Wyoming women were the first in the nation to vote (in 1870), serve on juries, and hold public office. And in 1869, a law was passed to give teachers—most of whom were women—equal pay whether they were men or women.
In different regions, the focus of International Women’s Day ranges from a general validation of respect, appreciation and love toward women to a celebration for women’s economic, political, and social achievements. This year, the day also marks a call to action for accelerating equal pay and for parity in other economic and social factors. It’s an official holiday in many countries including Russia, Vietnam, Afghanistan and Uganda. Mothers, wives, girlfriends or colleagues are honored with flowers and small gifts, much in the manner of Mother’s Day.

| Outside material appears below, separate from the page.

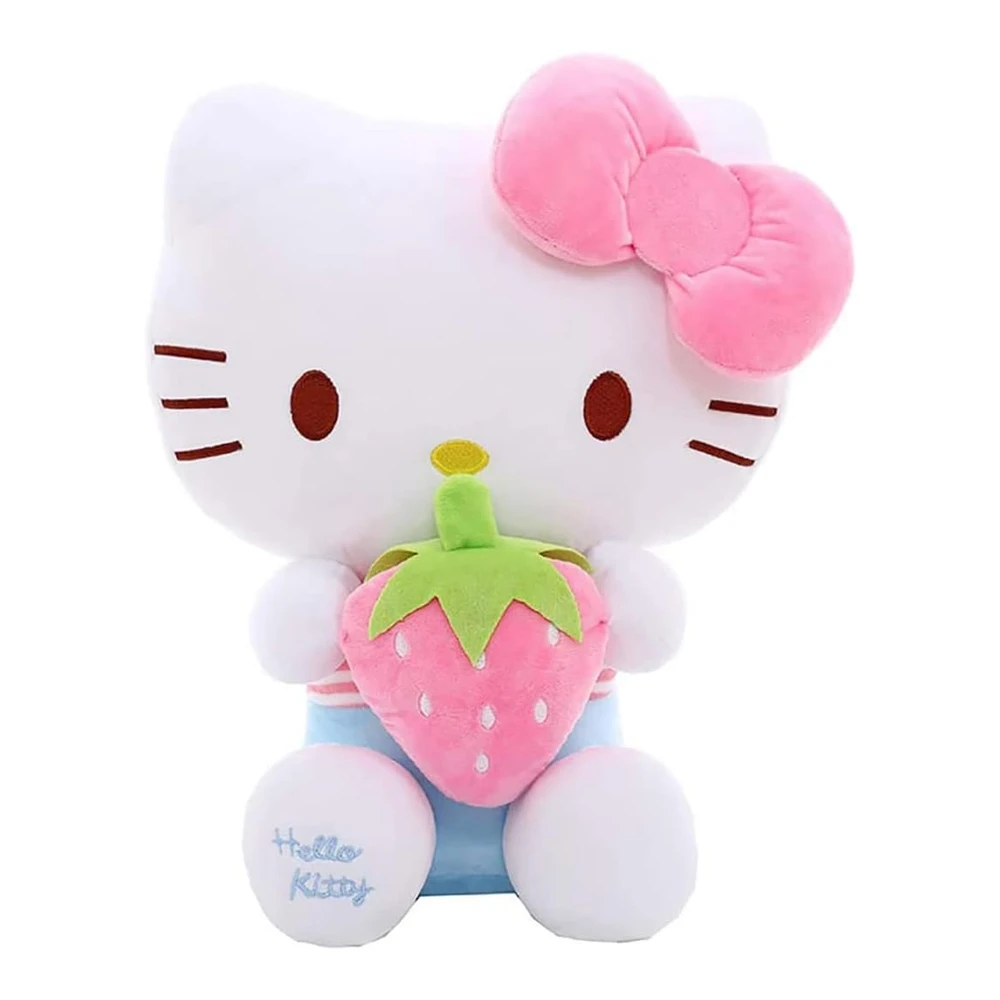 Hello Kitty - Juguetes de Peluche - Lindos Juguetes Suaves para Muñecas - Regalos de Cumpleaños para Niñas (11.8 In - Rosa A)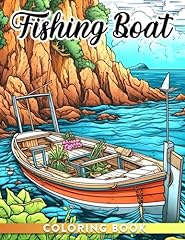 Fishing boat coloring for sale  Delivered anywhere in USA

In Colorado Springs, several women’s groups including the League of Women Voters, Zonta Club, Soroptimists International and American Association of University Women, held their Women’s Day celebration on Saturday, uniting behind this beautiful poster, by artist Estelle Carol, of the CWLU Herstory Project.
And Google honors the day with a video Doodle showing women and girls from around the world completing the sentence “one day I will …” The cutest might have been a little girl who wants to dance like Michael Jackson, but there’s also anthropologist Jane Goodall, saying, “I will discuss the environment with Pope Francis,” and Nobel Prize winner Malala Yousafzai and Syrian activist Muzoon Almellehan advocating for the day when “we will see every girl in school.”
My salute on this day is to Esther Hobart Morris, the first woman justice of peace in the United States. She was appointed Feb. 14, 1870 in South Pass, Wyoming after the previous (male) holder of the job quit in protest of the passage of women’s suffrage at the end of 1869.
Esther ruled on 26 cases, including criminal cases. None of her rulings were overturned.
Her statue, by Avard Fairbanks, now stands in the U.S. Capitol’s Statuary Hall.